● **Aim of the task**
When you reach the line that contains "Assigning the Mouth" in the data below, start reproducing lines exactly, and stop after the line that contains "Boa. Now, the".
------------------------------------------------------------
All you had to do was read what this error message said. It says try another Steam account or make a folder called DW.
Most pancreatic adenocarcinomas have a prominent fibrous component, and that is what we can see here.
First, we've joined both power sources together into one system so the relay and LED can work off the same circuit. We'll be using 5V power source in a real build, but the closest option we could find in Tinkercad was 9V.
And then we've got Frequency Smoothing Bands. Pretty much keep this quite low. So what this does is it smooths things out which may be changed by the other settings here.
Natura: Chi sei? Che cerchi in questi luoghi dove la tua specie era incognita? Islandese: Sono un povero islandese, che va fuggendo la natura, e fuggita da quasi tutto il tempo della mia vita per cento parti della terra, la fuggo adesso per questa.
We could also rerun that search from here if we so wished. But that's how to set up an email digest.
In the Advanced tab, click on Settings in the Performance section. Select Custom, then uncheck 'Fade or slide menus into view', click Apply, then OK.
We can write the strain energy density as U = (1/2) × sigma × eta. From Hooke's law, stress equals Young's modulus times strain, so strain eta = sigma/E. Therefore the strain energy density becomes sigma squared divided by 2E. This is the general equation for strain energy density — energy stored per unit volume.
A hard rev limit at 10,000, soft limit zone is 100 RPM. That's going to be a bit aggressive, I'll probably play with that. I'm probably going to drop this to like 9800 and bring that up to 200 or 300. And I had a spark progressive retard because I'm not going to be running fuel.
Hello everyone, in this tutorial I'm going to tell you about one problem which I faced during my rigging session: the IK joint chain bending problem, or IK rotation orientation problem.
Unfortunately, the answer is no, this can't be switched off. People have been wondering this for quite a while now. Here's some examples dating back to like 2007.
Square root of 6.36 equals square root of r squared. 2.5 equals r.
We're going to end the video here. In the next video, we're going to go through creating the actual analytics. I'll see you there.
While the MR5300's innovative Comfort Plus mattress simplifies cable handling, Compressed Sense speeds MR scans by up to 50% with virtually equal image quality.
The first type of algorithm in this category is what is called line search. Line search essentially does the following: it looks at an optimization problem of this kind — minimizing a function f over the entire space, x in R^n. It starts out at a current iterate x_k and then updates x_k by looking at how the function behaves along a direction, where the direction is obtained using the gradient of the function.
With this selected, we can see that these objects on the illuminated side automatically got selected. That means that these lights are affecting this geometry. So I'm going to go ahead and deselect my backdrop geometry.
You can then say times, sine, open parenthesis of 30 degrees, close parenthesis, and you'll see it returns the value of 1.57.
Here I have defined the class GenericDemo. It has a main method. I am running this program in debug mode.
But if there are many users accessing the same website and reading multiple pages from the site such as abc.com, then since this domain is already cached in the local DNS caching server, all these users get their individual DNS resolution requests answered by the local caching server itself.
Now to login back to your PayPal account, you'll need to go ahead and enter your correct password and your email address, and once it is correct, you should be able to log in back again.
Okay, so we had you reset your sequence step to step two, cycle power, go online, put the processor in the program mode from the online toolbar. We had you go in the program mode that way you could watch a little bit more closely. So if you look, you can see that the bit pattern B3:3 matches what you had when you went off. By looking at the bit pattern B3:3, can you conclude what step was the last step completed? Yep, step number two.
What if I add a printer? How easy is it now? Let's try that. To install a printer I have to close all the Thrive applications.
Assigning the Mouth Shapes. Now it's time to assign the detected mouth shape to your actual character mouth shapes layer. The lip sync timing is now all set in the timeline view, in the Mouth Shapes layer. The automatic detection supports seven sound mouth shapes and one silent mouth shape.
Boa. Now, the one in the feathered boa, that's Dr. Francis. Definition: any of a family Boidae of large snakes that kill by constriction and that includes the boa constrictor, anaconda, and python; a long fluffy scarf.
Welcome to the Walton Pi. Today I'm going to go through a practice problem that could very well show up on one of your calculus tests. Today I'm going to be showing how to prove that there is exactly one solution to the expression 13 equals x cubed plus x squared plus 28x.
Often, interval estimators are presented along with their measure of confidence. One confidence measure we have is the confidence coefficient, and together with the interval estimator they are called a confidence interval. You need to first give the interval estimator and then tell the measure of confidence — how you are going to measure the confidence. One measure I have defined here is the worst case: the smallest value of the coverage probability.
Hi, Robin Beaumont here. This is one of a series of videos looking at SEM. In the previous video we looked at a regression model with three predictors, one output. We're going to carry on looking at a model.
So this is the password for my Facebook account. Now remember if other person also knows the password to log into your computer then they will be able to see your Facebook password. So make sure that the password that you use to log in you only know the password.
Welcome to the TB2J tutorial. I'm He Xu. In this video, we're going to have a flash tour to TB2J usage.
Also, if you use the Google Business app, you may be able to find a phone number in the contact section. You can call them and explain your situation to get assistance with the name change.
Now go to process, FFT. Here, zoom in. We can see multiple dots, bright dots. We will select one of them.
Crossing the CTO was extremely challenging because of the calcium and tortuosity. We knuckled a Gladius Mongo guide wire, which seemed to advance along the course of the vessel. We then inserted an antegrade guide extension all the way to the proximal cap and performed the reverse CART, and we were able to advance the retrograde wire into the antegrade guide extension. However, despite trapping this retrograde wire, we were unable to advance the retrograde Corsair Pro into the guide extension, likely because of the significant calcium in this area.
------------------------------------------------------------
● **Solution to this problem**
Assigning the Mouth Shapes. Now it's time to assign the detected mouth shape to your actual character mouth shapes layer. The lip sync timing is now all set in the timeline view, in the Mouth Shapes layer. The automatic detection supports seven sound mouth shapes and one silent mouth shape.
Boa. Now, the one in the feathered boa, that's Dr. Francis. Definition: any of a family Boidae of large snakes that kill by constriction and that includes the boa constrictor, anaconda, and python; a long fluffy scarf.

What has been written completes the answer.